With the ability to collect massive amounts of data as a result of technological advances, we are commonly faced with data sets from multiple sources. For instance, metabolomics studies focus on detection of a wide range of chemical substances in biological fluids such as urine and plasma using a number of analytical techniques including Liquid Chromatography-Mass Spectrometry (LC-MS) and Nuclear Magnetic Resonance (NMR) Spectroscopy. NMR, for example, is a highly reproducible technique and powerful in terms of quantification. LC-MS, on the other hand, allows the detection of many more chemical substances in biological fluids but only with lower reproducibility. These techniques often generate data sets that are complementary to each other (Richards et al., 2010). Data from these complementary methods, when analyzed together, may enable us to capture a larger proportion of the complete metabolome belonging to a specific biological system. However, currently, there is a significant gap between data collection and knowledge extraction: being able to collect a vast amount of relational data from multiple sources, we cannot still analyze these data sets in a way that shows the overall picture of a specific problem of interest, e.g., exposure to a specific diet.
To address this challenge, data fusion methods have been developed in various fields focusing on specific problems of interest, e.g., missing link prediction in recommender systems (Ma et al., 2008), and clustering/community detection in social network analysis (Banerjee et al., 2007; Lin et al., 2009). Data fusion has also been studied in metabolomics mostly with a goal of capturing the underlying patterns in data (Smilde et al., 2003) and using the extracted patterns for prediction of a specific condition (Doeswijk et al., 2011) (see Richards et al., 2010) for a comprehensive review on data fusion in omics).
Matrix factorizations are the common tools in data fusion studies in different fields.

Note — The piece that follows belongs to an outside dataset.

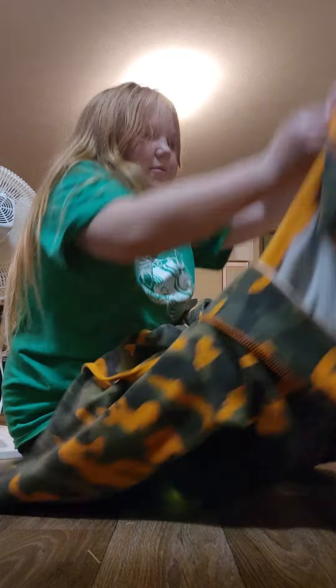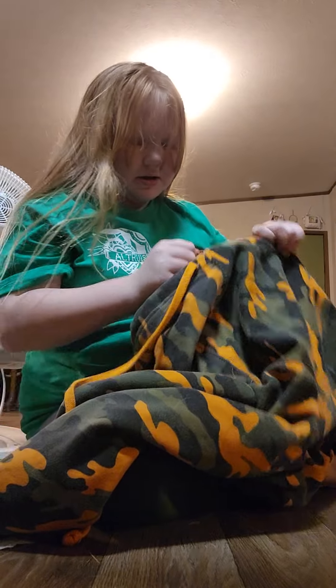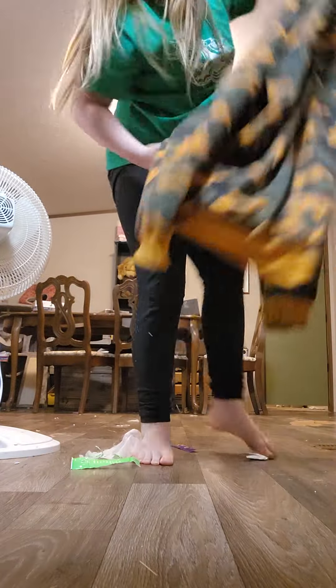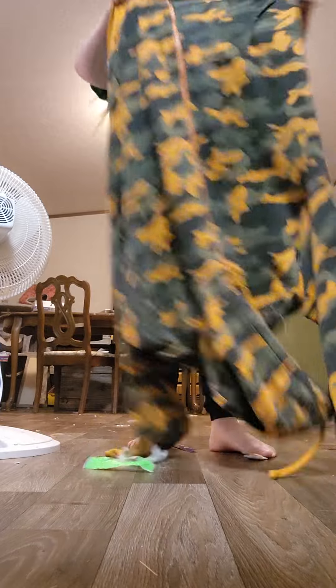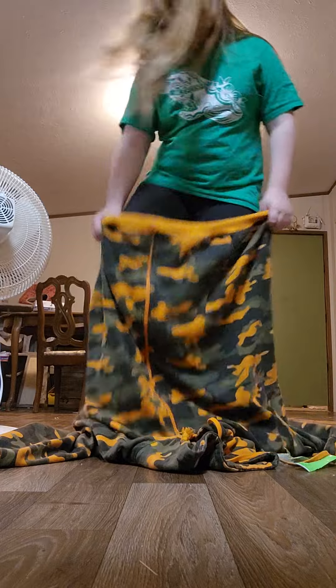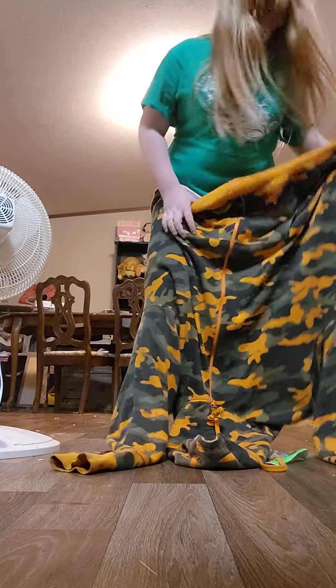First, if you have a sweater like this, you're going to want to zip it up. But if you have a hoodie, that's also fine. Make sure that it's a bigger size — like this is my mom's. Next, you're gonna go under and put your legs through the sleeve.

An effective way of jointly analyzing data from multiple sources is to represent data from different sources as a collection of matrices. Subsequently, this collection of matrices can be jointly analyzed using collective matrix factorization methods (Long et al., 2006; Singh & Gordon, 2008).

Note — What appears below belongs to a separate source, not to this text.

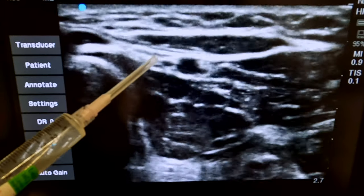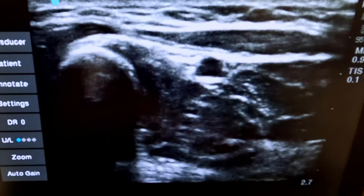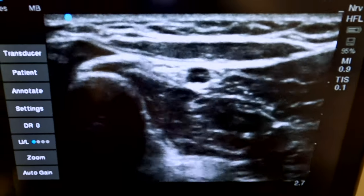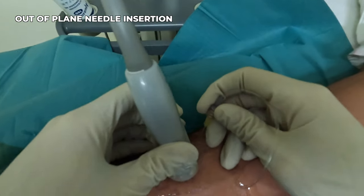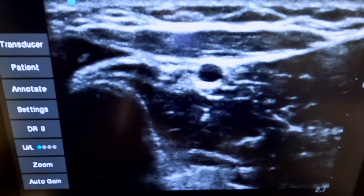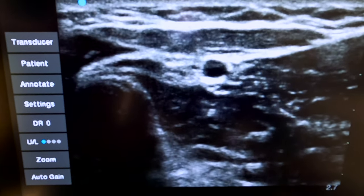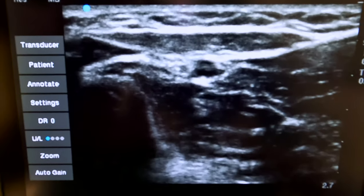This is a pretty good place to block it. We can do in-plane or out-of-plane — I think out-of-plane will probably be the easier option here. The needle is now right next to the radial artery, and now it's positioned in the space between the artery and the nerve.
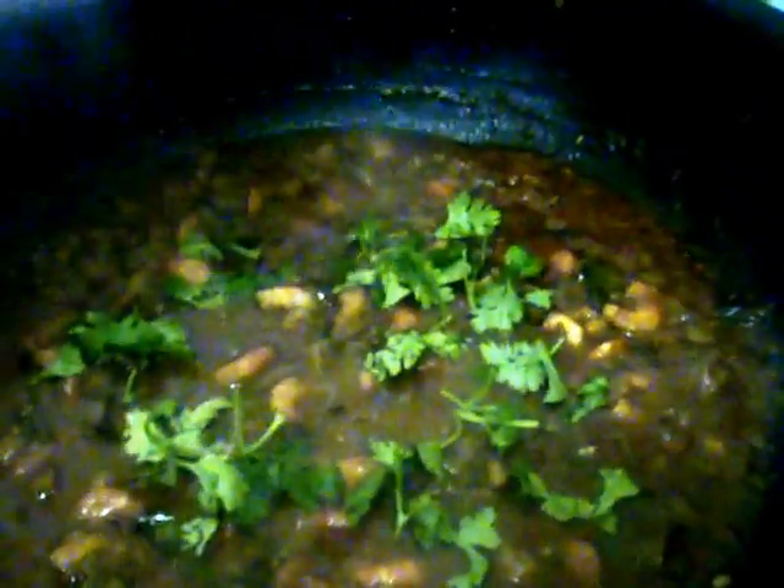After two minutes, open the lid and add the remaining masala — crushed ginger garlic along with the whole garam masala. Mix it well. Now the curry is ready; finally add some coriander leaves and switch off the stove.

Nevertheless, applicability of available data fusion techniques is limited when the goal is to identify a limited number of variables, e.g., a few metabolites as potential biomarkers. Matrix factorization methods, without specific constraints on the factors, would reveal dense patterns, which are difficult to interpret. Therefore, motivated by the applications in metabolomics, in this paper, we formulate data fusion as a coupled matrix factorization model with penalties to enforce sparsity on the factors in order to capture sparse patterns. Our contributions in this paper can be summarized as follows:
Formulating a coupled matrix factorization model with penalties to impose sparsity on factor matrices;
Developing a gradient-based optimization algorithm for solving the smooth approximation of the coupled matrix factorization problem with sparsity penalties, which we call CMF-SPOPT (Coupled Matrix Factorization with SParse OPTimization);
Demonstrating the effectiveness of CMF-SPOPT in terms of capturing the underlying sparse patterns in data using simulations;
Assessing the sensitivity of the proposed approach to different penalty parameters;
Identifying potential apple biomarkers based on joint analysis of metabolomics data sets collected on blood samples of a group of rats.

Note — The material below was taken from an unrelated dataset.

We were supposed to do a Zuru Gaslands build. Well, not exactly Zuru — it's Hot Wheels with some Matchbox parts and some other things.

This is an extended version of our previous study (Acar et al., 2012), where we have imposed the same level of sparsity on coupled data sets. In this paper, we also demonstrate that the proposed approach extends to different levels of sparsity in coupled data sets and can accurately capture the underlying sparse factors using different sparsity penalties for different data sets. Furthermore, through illustrative examples on real metabolomics data sets, we demonstrate the strengths and weaknesses of CMF-SPOPT.